> [Task objective]
Write out again, exactly, the lines below starting at the one with "Scritture dell'immagine. Percorsi" and ending at the one with "Vepřová pečeně bez".

> [Given data]
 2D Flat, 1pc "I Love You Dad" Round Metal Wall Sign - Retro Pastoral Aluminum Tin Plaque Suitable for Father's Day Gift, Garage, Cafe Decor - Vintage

---

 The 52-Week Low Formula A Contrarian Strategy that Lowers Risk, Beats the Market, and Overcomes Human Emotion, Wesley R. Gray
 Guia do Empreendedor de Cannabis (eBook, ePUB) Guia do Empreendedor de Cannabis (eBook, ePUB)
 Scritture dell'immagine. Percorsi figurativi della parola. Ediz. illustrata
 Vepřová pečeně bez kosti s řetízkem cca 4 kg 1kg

> [Task answer]
 Scritture dell'immagine. Percorsi figurativi della parola. Ediz. illustrata
 Vepřová pečeně bez kosti s řetízkem cca 4 kg 1kg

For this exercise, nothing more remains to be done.